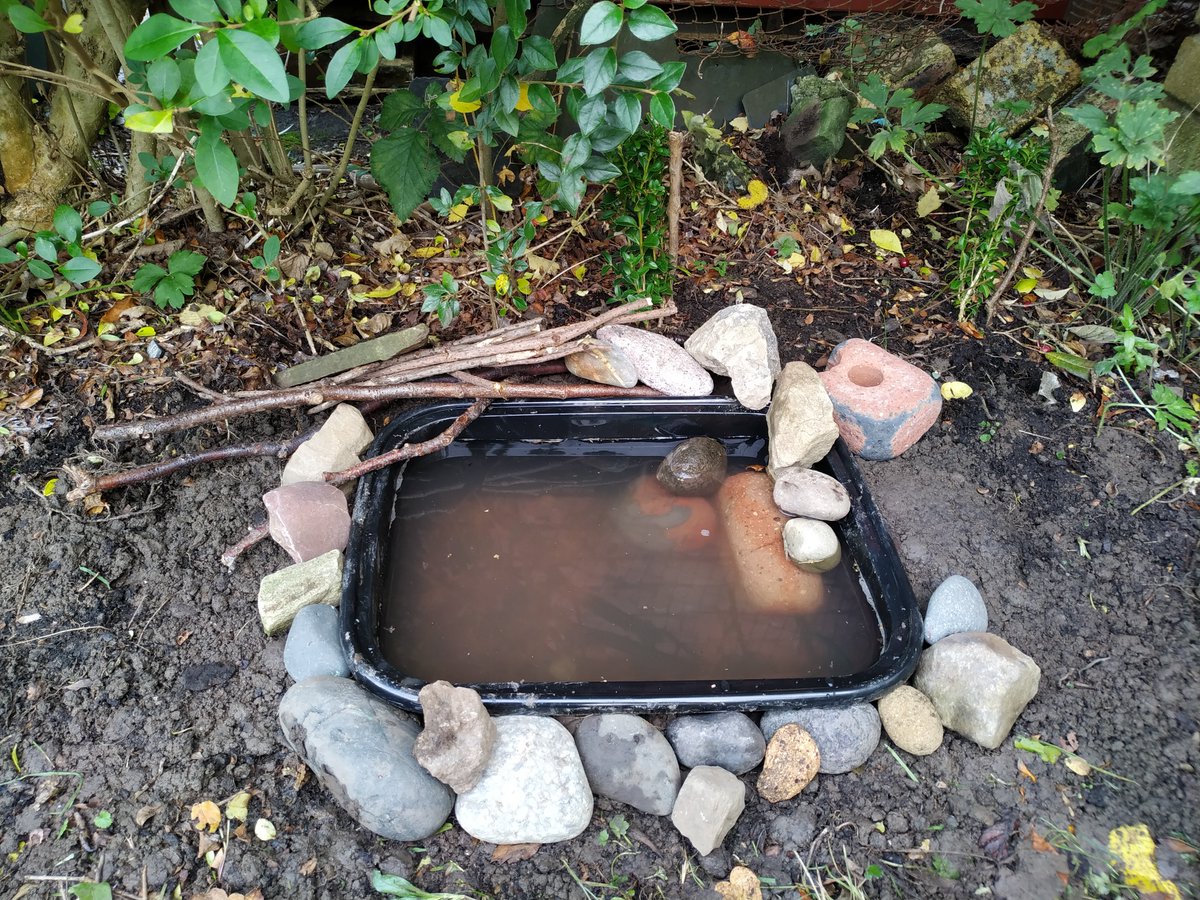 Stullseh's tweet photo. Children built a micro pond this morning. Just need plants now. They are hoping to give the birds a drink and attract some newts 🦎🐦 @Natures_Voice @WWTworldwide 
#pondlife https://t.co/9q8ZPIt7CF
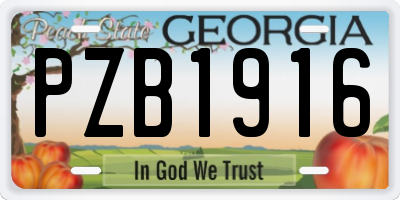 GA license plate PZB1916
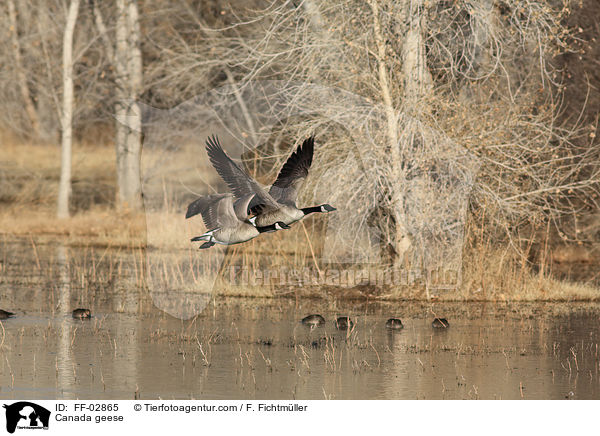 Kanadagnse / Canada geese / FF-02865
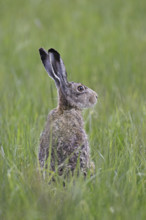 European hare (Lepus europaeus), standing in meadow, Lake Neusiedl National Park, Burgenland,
---
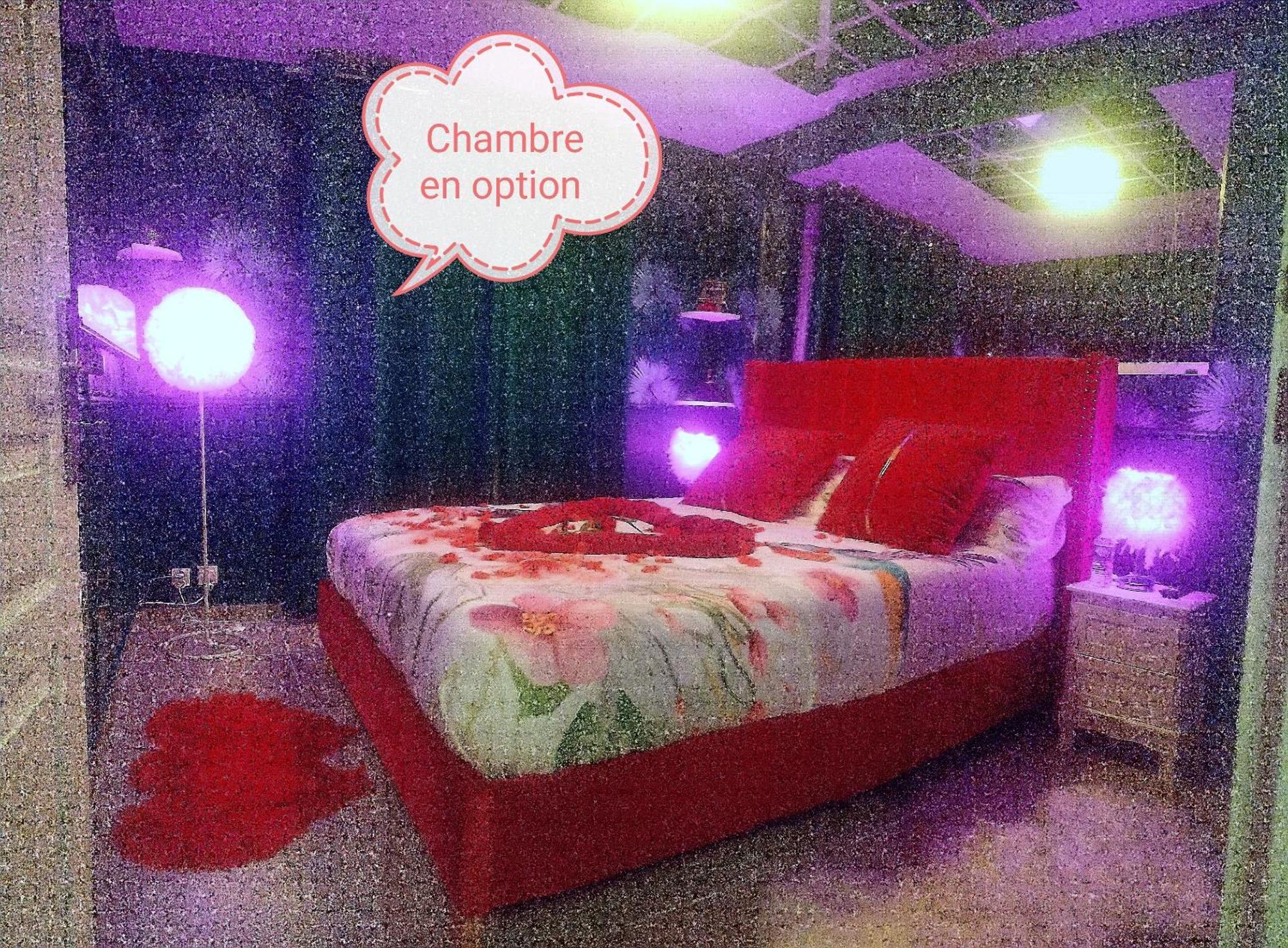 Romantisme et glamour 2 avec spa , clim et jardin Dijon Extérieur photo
* * *
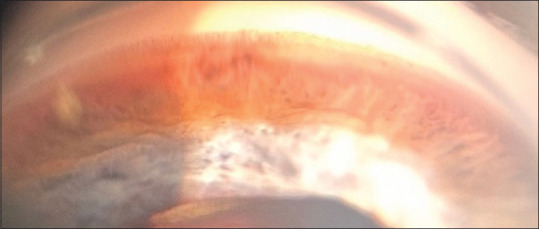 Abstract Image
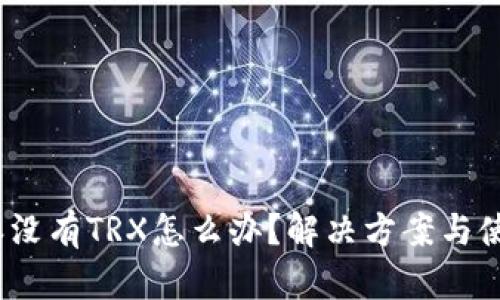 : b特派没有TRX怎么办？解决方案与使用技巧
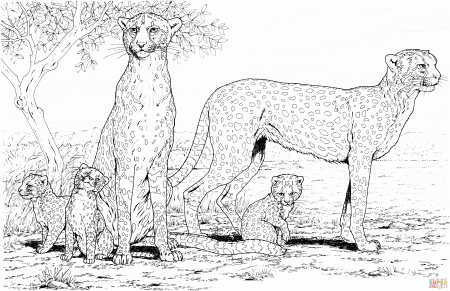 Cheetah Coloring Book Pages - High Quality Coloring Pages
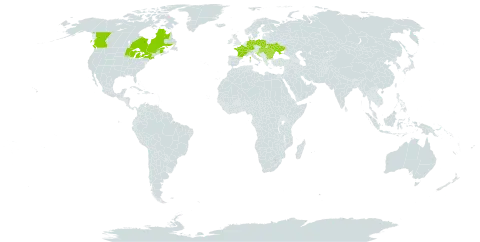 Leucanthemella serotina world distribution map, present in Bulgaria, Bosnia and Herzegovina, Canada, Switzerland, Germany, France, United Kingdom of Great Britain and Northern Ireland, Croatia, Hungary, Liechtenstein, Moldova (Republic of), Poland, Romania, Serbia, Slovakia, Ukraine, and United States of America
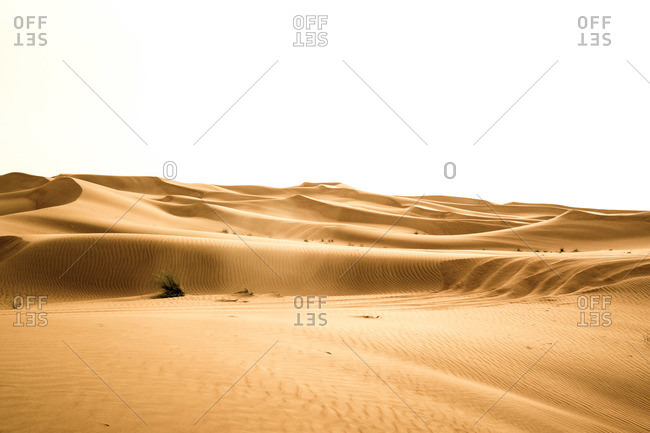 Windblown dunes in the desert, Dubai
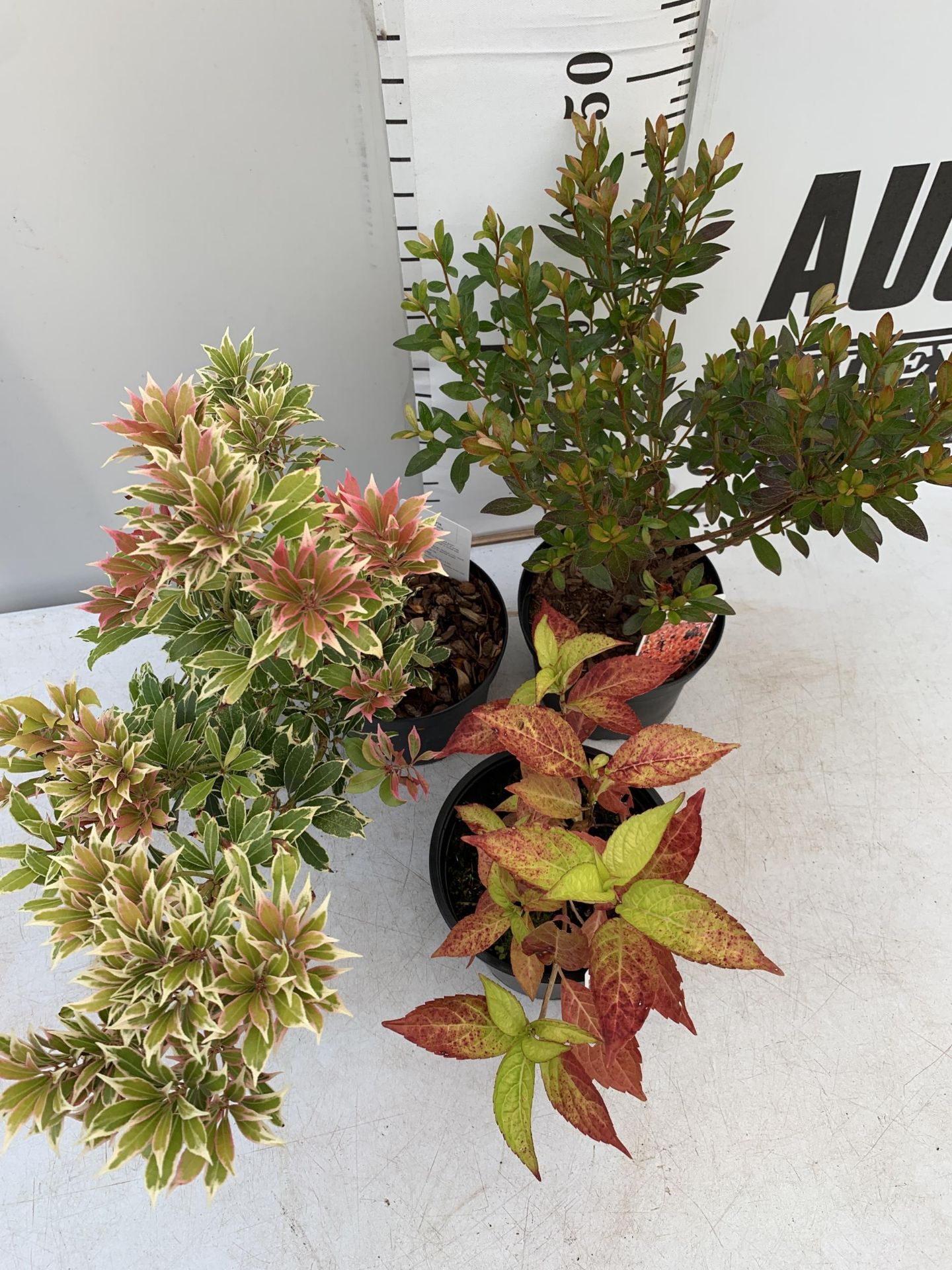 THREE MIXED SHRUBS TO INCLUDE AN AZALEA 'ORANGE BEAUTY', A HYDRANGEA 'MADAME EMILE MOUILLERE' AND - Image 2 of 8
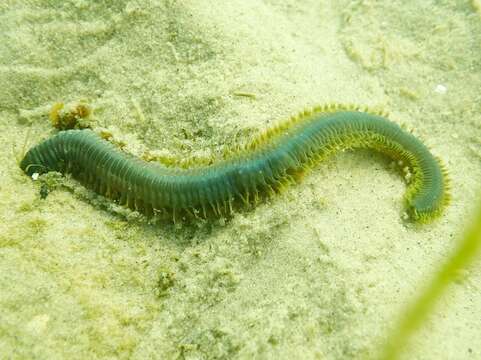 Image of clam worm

→ **What to produce**:
Reproduce exactly the lines above starting at the line containing "GA license plate PZB1916" and ending at the line containing "European hare (Lepus", including both, but not the pictures.

→ **Solution**:
 GA license plate PZB1916
 Kanadagnse / Canada geese / FF-02865
 European hare (Lepus europaeus), standing in meadow, Lake Neusiedl National Park, Burgenland,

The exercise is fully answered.